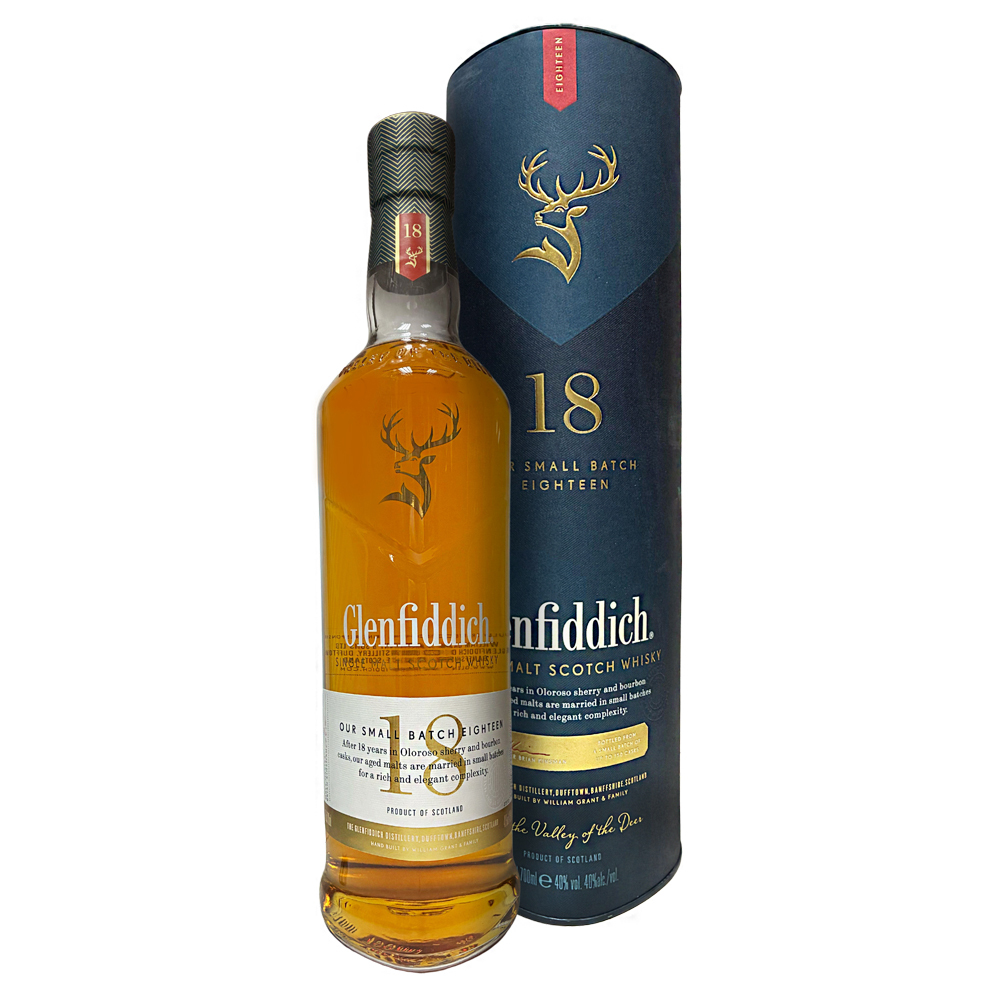 Glenfiddich 18 Years Old 40%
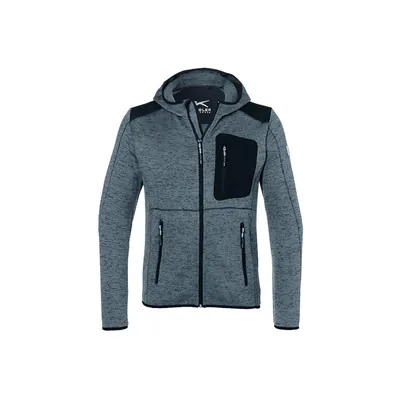 Produktbild von Kübler - WEATHER Jacke 1441 6335, mittelgrau/schwarz, Größe 3XL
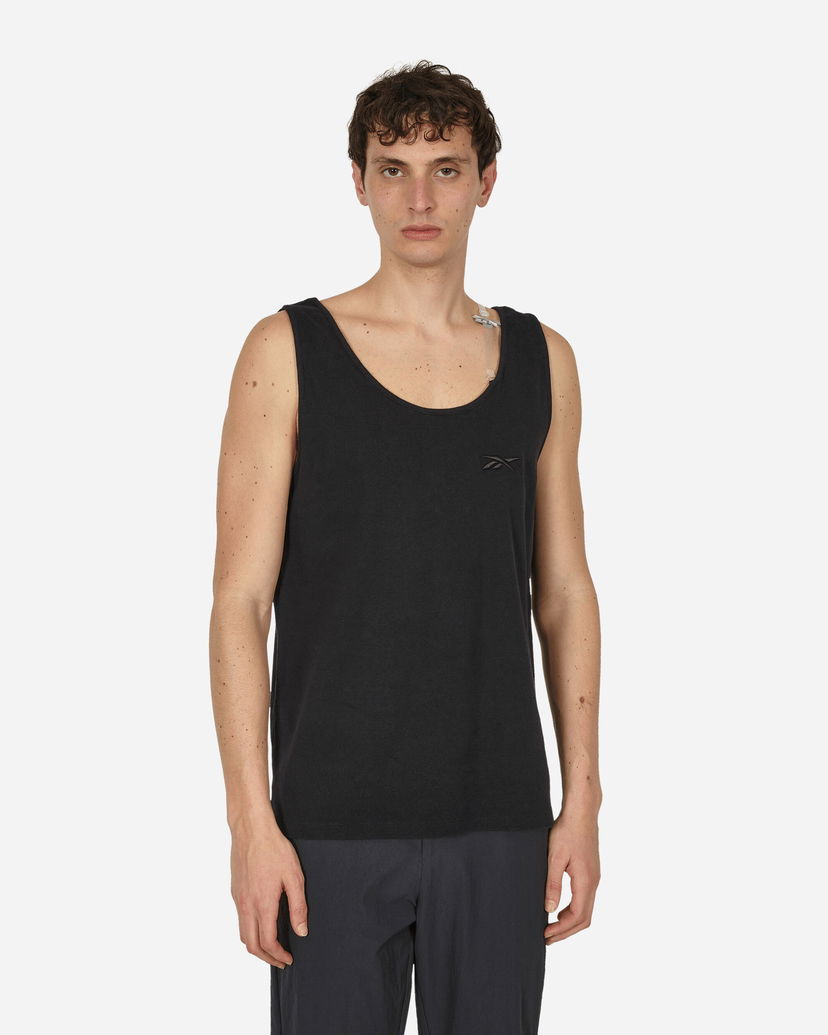 Tanktop Reebok Machine-A Bra Strap Tank Top Black Sort | RMAC001C99JER001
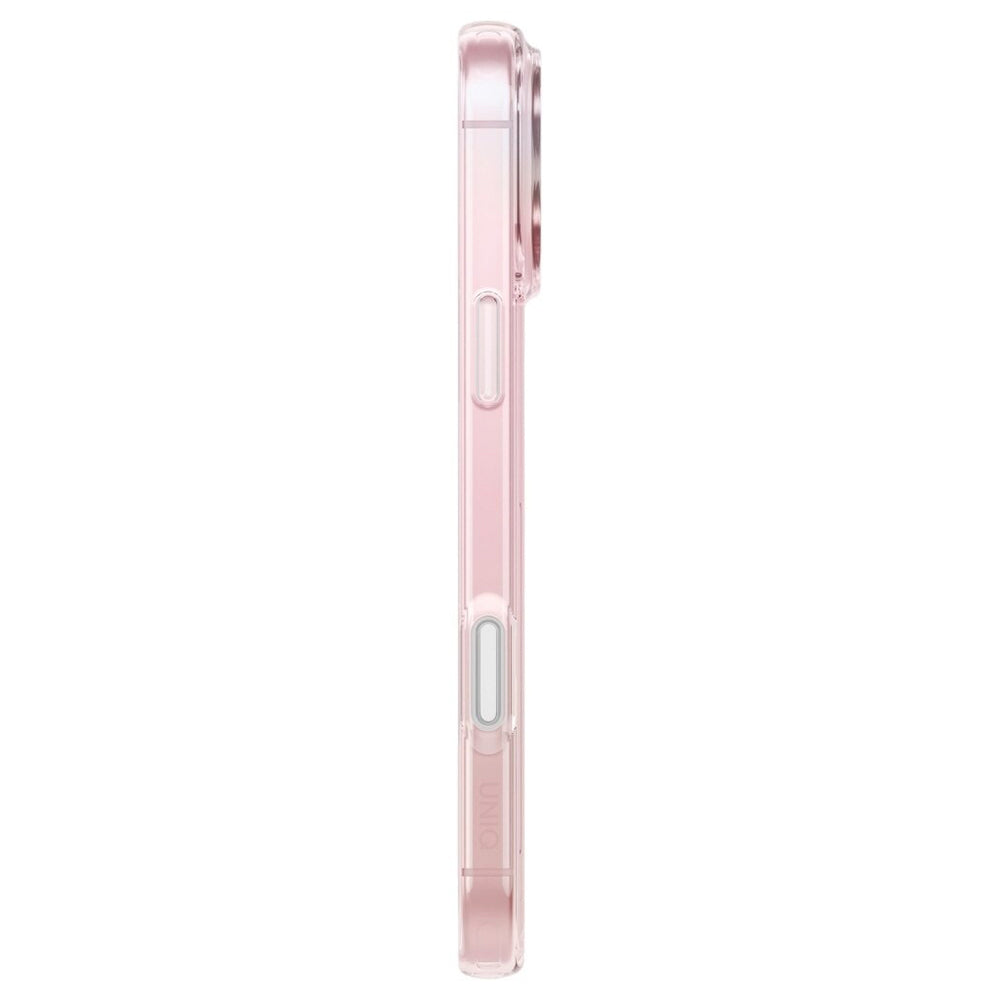 MagSafe cover til Apple iPhone 17 Pro Max, UNIQ, Iridescia MagClick, Pastelblå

□ □ □ □ □

◆ BRIEF ◆
Set down the material exactly as given, but print none of the pictures.

◆ TASK RESULT ◆
 Glenfiddich 18 Years Old 40%
 Produktbild von Kübler - WEATHER Jacke 1441 6335, mittelgrau/schwarz, Größe 3XL
 Tanktop Reebok Machine-A Bra Strap Tank Top Black Sort | RMAC001C99JER001
 MagSafe cover til Apple iPhone 17 Pro Max, UNIQ, Iridescia MagClick, Pastelblå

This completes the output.